Watch: Day in the life of a Northern Ireland border crossing where fears of Brexit economic devastation and return of barriers loom large
Leona O'Neill visits Bridgend, a village at the epicentre of the Brexit earthquake
Long gone are the corrugated iron military installations that blighted the stunning Donegal landscape near Bridgend during the worst days of the Troubles.
Today the only indication you are gliding from Northern Ireland into the Republic of Ireland at one of the busiest border crossings, apart from the Irish speed signs, is the change of hue of the Tarmac on the road - the southerners prefer their roads a slightly darker shade of grey than their northern counterparts.
It was a detail that amused Nancy Pelosi, the speaker of the US's House of Representatives, when she visited the border in April and praised the Good Friday Agreement that helped bring the walls down.
This is one of the key crossing points between Northern Ireland and the Republic.
In just over a fortnight's time, it will be a frontier with the European Union.
Cars and lorries pass through here continuously each day.
Please log in or register with belfasttelegraph.co.uk for free access to this article.
Statistics from Transport Infrastructure Ireland show that last Wednesday, the day we visited, 8,358 vehicles crossed this particular point over a 24-hour period.

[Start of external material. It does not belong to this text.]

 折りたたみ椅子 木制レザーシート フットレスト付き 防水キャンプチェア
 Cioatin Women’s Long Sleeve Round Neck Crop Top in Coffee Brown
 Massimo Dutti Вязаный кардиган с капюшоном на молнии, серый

That was 6,756 cars, 1,462 goods vehicles, 84 caravans, 32 buses and 24 motorbikes.
On average six vehicles crossed the border every minute - or one every 10 seconds.
For some, it is more than a daily occurrence.

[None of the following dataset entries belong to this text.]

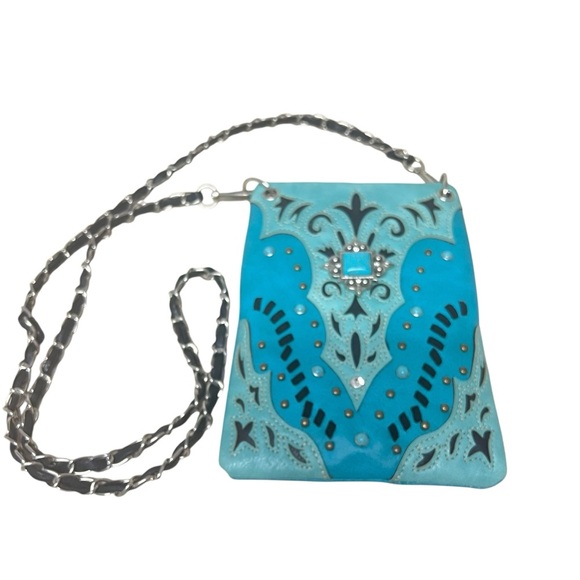 Western Turquoise Blue Studded Crossbody Purse Chain Strap Faux Leather Compact - Picture 1 of 15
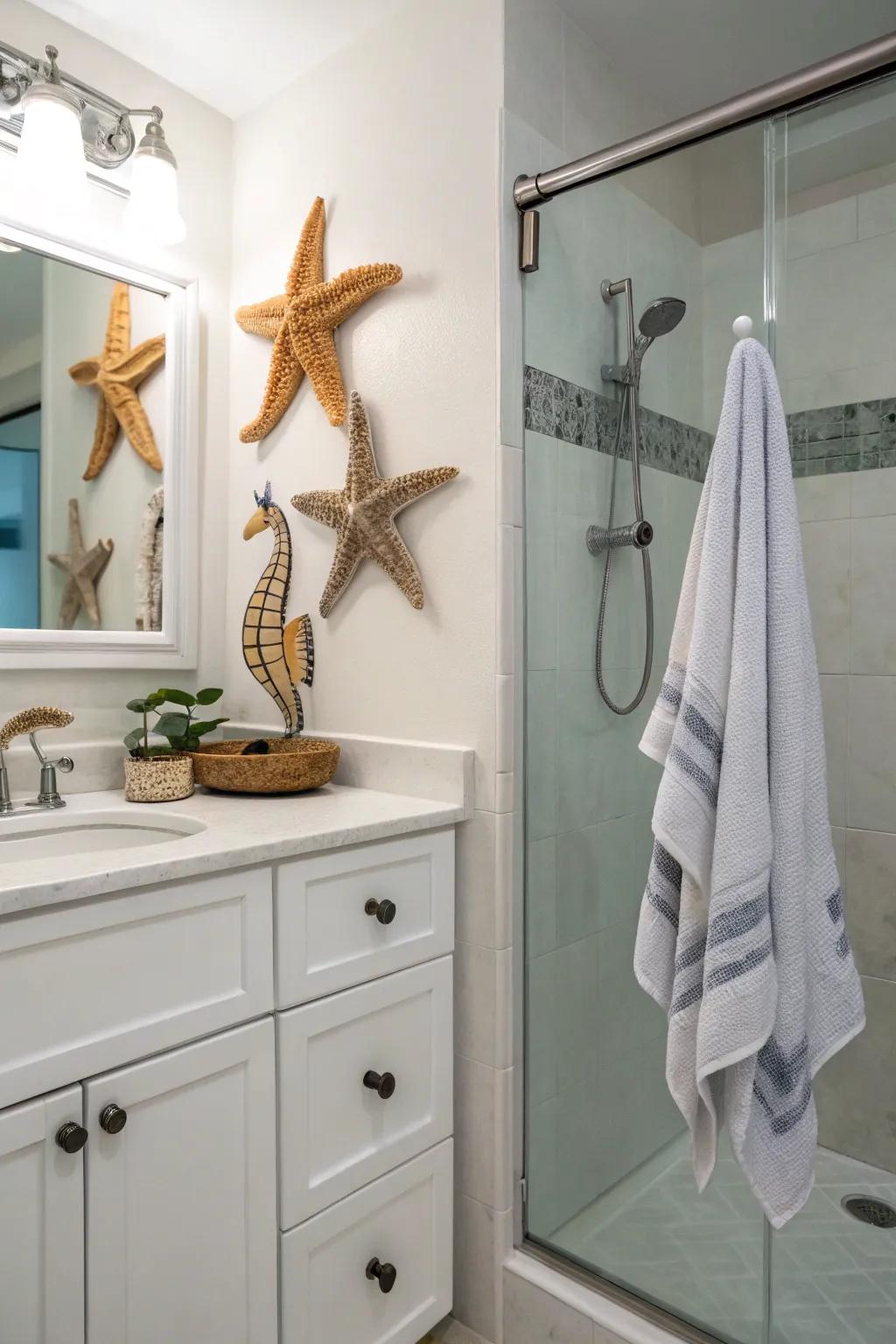 Playful cloth hangers introduce a whimsical element to the decor.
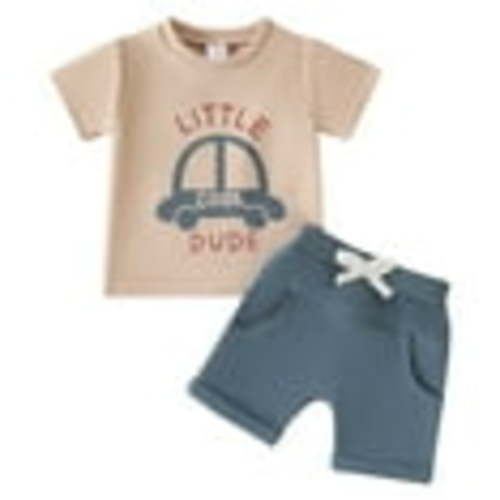 HCNTES Boy's 2 Piece Outfit with Edge Color Block Camo Print Short Sleeve T Shirt and Shorts,18-24 Months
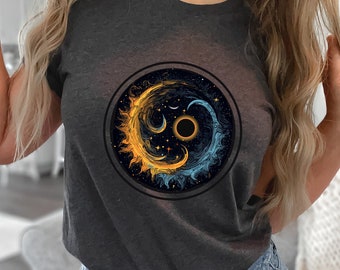 Yin Yang Sun Moon-T-shirt: T-shirt met boho-astrologieafbeelding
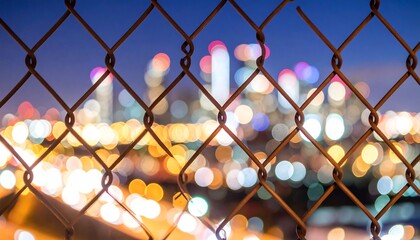 City lights through a chain-link fence at night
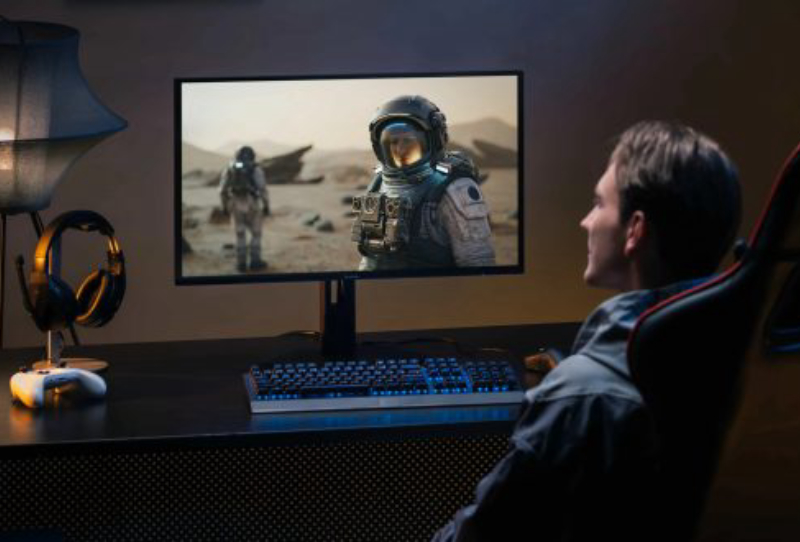 Homepage 2026 1 ViewSonic XG2738-2K-OLED monitor shown at an angle displaying vivid colours on its 27-inch QD-OLED panel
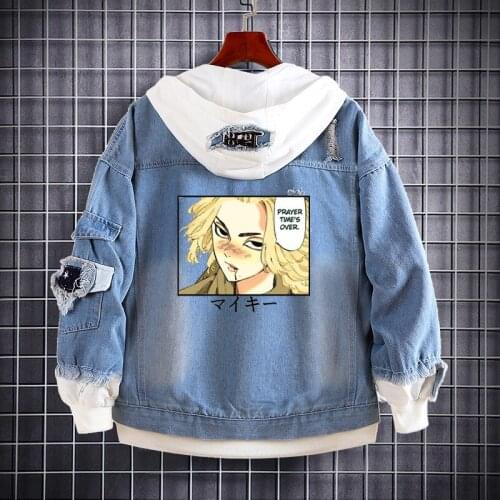 2021 Anime Tokyo Revengers Cosplay Costume Denim Jacket Hooded Sweatshirt Manji Gang Print Outwear Hip Hop Fashion Coat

Conor Page is a business developer in IT. He and his family live in Donegal but he works in Londonderry, where he was born and where his parents and siblings still live.

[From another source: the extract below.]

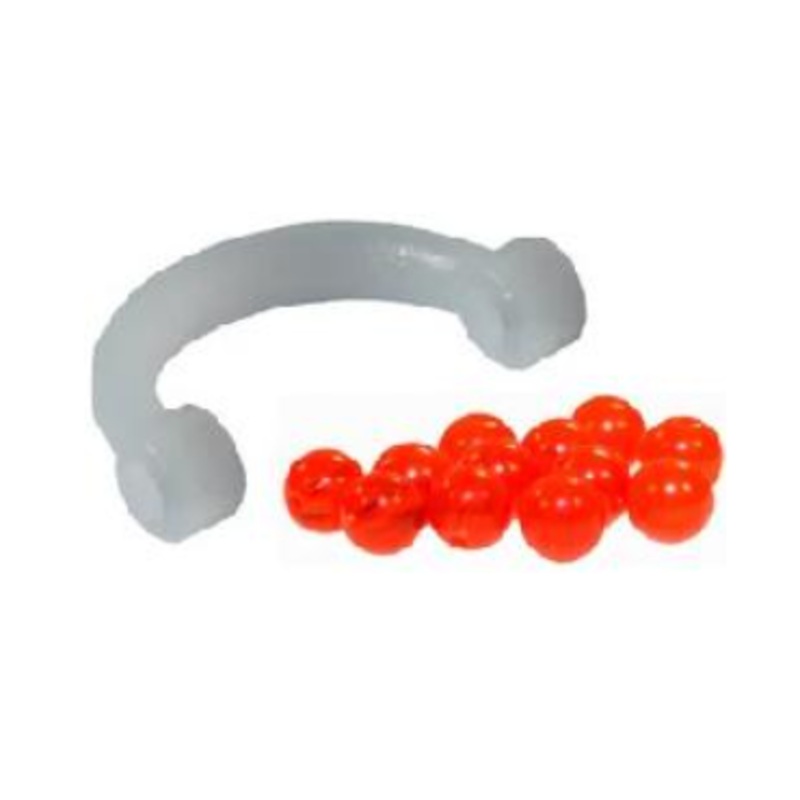 SIMON PLASTIC EZ SPIN CLEVIS #1(6),WHITE W/FLAME BEADS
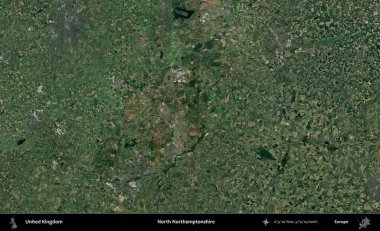 Kuzey Northamptonshire. Birleşik Krallık 'ın idari alanı bir uydu görüntüsü üzerinde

He is concerned about "someone putting a barrier between him and his family".
"I would cross the border at least three or four times a day," he explains.
"A border of any description will have a massive impact on me. My family home is in Buncrana but my mother and father still live in Derry so I have strong connections between the two places. I am not looking forward to whatever is projected.
"The unknown is the worry for everyone at the moment. I don't want to see a return to a hard border. I grew up during a time in history that means I remember the physical hard border there and all the connotations that go along with that. It was great to see it all go away."
Conor is concerned about the border becoming a target, meaning that transporting his children and loved ones across it on a daily basis might become dangerous.
"It worries me greatly that any border installations will be a target," he adds.
"You can't just put customs officials at a border installation. They are going to be looking for security. Both police forces, the PSNI and the Garda, have said they do not have the personnel or the resources.
"The only other option then is that it will be manned by the British Army. It's complete madness."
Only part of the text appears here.